WHAT YOU SHOULD DO
Look for the word "pink" in the material below. Copy each line that has it.

===== LISTED RECORDS

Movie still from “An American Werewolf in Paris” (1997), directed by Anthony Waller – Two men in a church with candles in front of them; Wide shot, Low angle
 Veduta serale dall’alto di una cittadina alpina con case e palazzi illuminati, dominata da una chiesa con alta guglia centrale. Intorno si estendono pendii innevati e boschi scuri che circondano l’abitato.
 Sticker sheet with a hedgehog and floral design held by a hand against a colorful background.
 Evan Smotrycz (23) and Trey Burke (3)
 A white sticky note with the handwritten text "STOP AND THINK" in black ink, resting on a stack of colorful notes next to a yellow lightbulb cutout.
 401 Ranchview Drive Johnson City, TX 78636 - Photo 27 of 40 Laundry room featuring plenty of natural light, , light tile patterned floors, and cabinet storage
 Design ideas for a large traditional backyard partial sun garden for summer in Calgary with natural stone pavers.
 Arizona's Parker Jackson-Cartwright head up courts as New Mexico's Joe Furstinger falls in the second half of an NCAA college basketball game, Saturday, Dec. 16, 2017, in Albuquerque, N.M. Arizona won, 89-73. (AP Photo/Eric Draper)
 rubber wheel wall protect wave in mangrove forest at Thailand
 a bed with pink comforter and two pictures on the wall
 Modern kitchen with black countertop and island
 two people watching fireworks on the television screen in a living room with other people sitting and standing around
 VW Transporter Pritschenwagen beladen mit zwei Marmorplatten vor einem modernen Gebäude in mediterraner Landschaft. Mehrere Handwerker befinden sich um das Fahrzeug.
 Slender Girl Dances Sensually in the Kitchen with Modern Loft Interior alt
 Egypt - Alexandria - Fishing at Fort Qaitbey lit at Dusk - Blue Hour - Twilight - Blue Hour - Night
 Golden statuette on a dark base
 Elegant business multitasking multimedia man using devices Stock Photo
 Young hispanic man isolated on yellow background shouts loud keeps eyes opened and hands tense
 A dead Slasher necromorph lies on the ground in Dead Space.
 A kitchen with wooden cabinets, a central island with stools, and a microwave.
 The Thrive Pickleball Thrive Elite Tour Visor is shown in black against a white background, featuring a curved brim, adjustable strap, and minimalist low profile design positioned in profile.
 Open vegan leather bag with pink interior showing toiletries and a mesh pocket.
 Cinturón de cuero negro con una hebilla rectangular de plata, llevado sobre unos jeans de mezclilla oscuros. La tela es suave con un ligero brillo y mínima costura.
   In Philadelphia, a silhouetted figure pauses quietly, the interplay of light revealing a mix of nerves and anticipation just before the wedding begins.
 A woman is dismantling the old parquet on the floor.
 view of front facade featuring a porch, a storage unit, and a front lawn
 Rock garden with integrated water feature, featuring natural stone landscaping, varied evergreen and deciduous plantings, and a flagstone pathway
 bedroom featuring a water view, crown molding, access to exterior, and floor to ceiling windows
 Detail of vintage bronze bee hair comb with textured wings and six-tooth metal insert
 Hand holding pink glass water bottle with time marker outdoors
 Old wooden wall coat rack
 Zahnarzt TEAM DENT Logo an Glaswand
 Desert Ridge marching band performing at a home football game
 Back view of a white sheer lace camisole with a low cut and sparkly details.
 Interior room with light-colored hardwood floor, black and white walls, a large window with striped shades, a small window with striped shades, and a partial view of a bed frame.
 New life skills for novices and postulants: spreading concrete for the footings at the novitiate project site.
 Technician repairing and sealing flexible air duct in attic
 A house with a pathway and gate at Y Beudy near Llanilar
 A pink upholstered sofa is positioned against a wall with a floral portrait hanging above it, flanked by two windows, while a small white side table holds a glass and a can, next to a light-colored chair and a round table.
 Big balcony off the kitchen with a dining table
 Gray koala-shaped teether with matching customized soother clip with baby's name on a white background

==========

ANSWER SECTION
 a bed with pink comforter and two pictures on the wall
 Open vegan leather bag with pink interior showing toiletries and a mesh pocket.
 Hand holding pink glass water bottle with time marker outdoors
 A pink upholstered sofa is positioned against a wall with a floral portrait hanging above it, flanked by two windows, while a small white side table holds a glass and a can, next to a light-colored chair and a round table.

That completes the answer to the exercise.